Сестры Саша и Наденька Пургольд, вместе с дядюшкой Владимиром Федоровичем заботливо опекающие больного, смотрят на него с нескрываемой тревогой.
- Полноте, - отмахивается Даргомыжский. - Ничего со мною не случится. По крайней мере до того дня, покуда не закончу «Каменного гостя». И не могу я ни минуты медлить, ибо должен выполнить полученный приказ.
- Чей приказ? - переспрашивает, не поняв, Александра Николаевна.

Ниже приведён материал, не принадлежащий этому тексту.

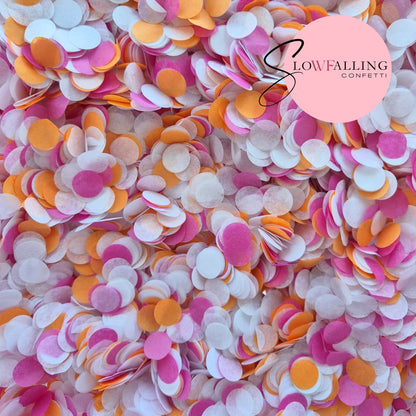 Slow falling paper Confetti - Fruit Salad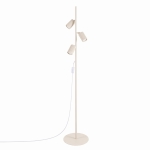 Beżowa lampa podłogowa Dolkar z karbowanymi kloszami
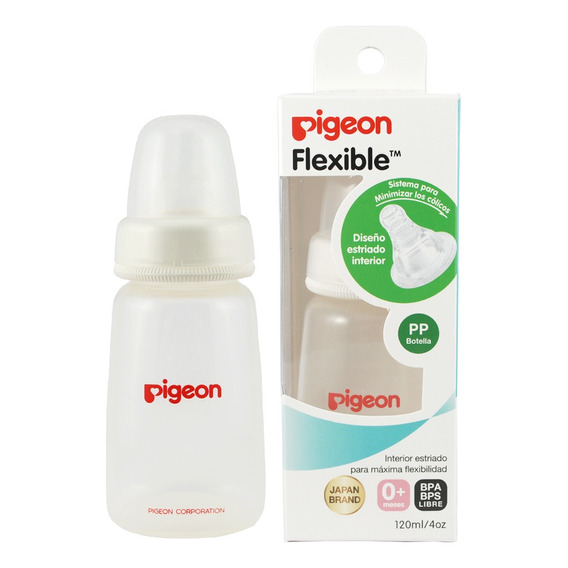 Mamadera Boca Estandar Plastico Pigeon 120ml 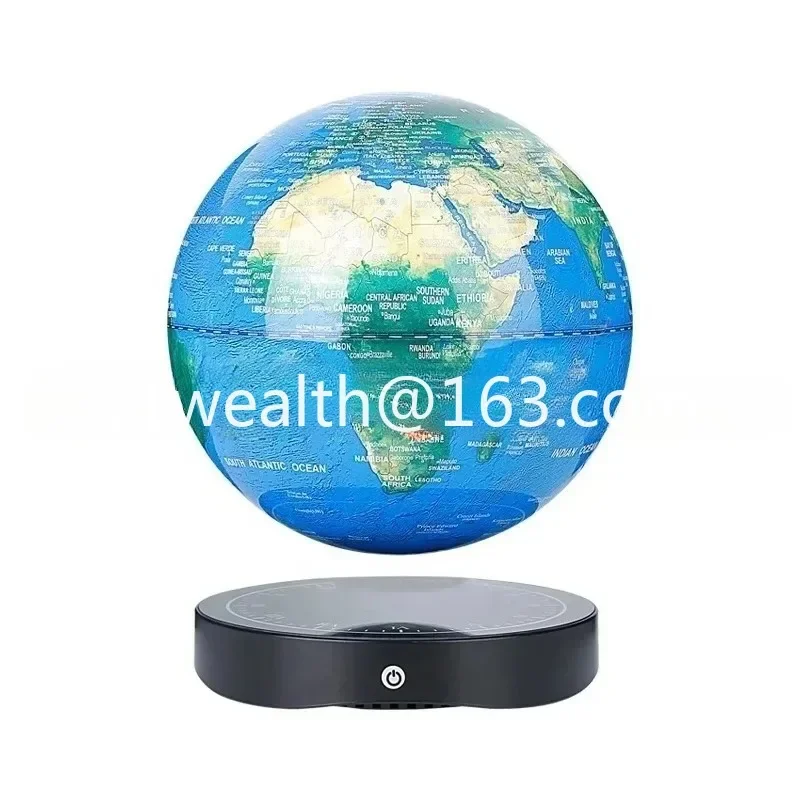 8 Inch 20cm World Globe Lamp for Kids Learning Educational RGB LED Lights Illuminated Lamp Magnetic Floating Levitating Globes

- Пушкина, дорогая Сашенька!
Сестры в недоумении переглядываются. А Даргомыжский с веселым прищуром продолжает:
- Давно приснился мне, милые девушки, вещий сон. Идет будто бы ко мне навстречу сам Александр Сергеевич Пушкин и приказывает немедля писать оперу по его траге­дии «Каменный гость». Так смею ли я ослушаться его веле­ния?
Ласково простившись с друзьями, Александр Сергеевич снова погружается в работу.

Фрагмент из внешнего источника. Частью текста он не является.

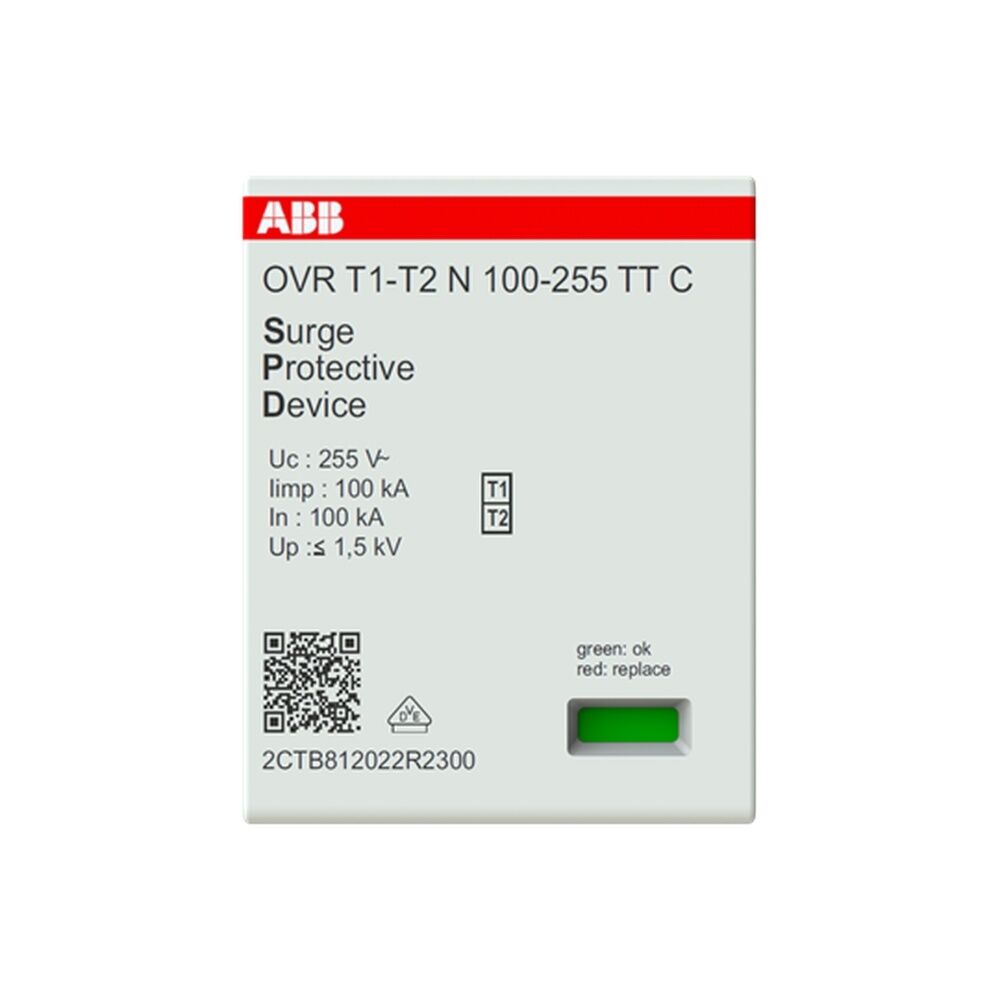 ABB Überspannungsableiter Ersatzmodul 2CTB812022R2300 Typ OVR T1-T2 N 100-255 TT C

Насчет вещего сна, возможно, и схитрил композитор, но медлить ему с оперой действительно никак нельзя. Нешуточ­ное дело он затеял: полностью перевести на музыку трагедию Пушкина, да так, чтобы в музыкальных речитативах каждый из ее героев мог проявить свой особый, лишь ему присущий характер. Чтобы музыка этих речитативов, передавая тон­чайшие оттенки настроений действующих лиц, убеждала и правдой выражения, и верностью декламации, и мелодичес­кой красотой. Выполнимо ли вообще такое дело, поистине небывалое в оперном искусстве?

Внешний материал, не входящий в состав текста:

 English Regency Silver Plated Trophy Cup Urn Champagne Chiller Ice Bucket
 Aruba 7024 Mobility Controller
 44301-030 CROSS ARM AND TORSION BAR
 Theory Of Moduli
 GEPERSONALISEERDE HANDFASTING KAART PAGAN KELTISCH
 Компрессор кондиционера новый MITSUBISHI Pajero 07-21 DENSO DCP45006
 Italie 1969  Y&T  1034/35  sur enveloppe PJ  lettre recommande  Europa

Проходят дни, и все явственнее начинает различать внут­ренним слухом Александр Даргомыжский голоса героев бу­дущей оперы. Вот уже облекаются они в музыкальную плоть. Прежде всех, конечно, главный герой - испанский юноша Дон Жуан, в котором причудливо переплелись веселость и легкомыслие удачливого повесы и безумная отвага, хитрое притворство обольстителя и искренняя горячность чувства. Как метко, с каким многообразием красок раскрывает Дар­гомыжский этот образ в говорящих мелодиях-речитативах Дон Жуана, то хвастливых и насмешливых, то возвышенно-поэтичных, то напоенных пылкой страстью.
Как яркий контраст Дон Жуану предстает его слуга Лепорелло - смешной, немного трусоватый, но сметливый ма­лый. В музыкальных репликах этого парня сквозит трезвый юмор простолюдина, насквозь видящего пороки и слабости своего блистательного господина.
А вот совсем другие типы: юная актриса Лаура, порыви­стая и безоглядная в сердечных увлечениях или минутных прихотях, и целомудренно-скромная донна Анна, вдова уби­того на поединке с Дон Жуаном Командора. Против плени­тельной ее женственности и красоты сам Дон Жуан, кажет­ся, не сможет устоять.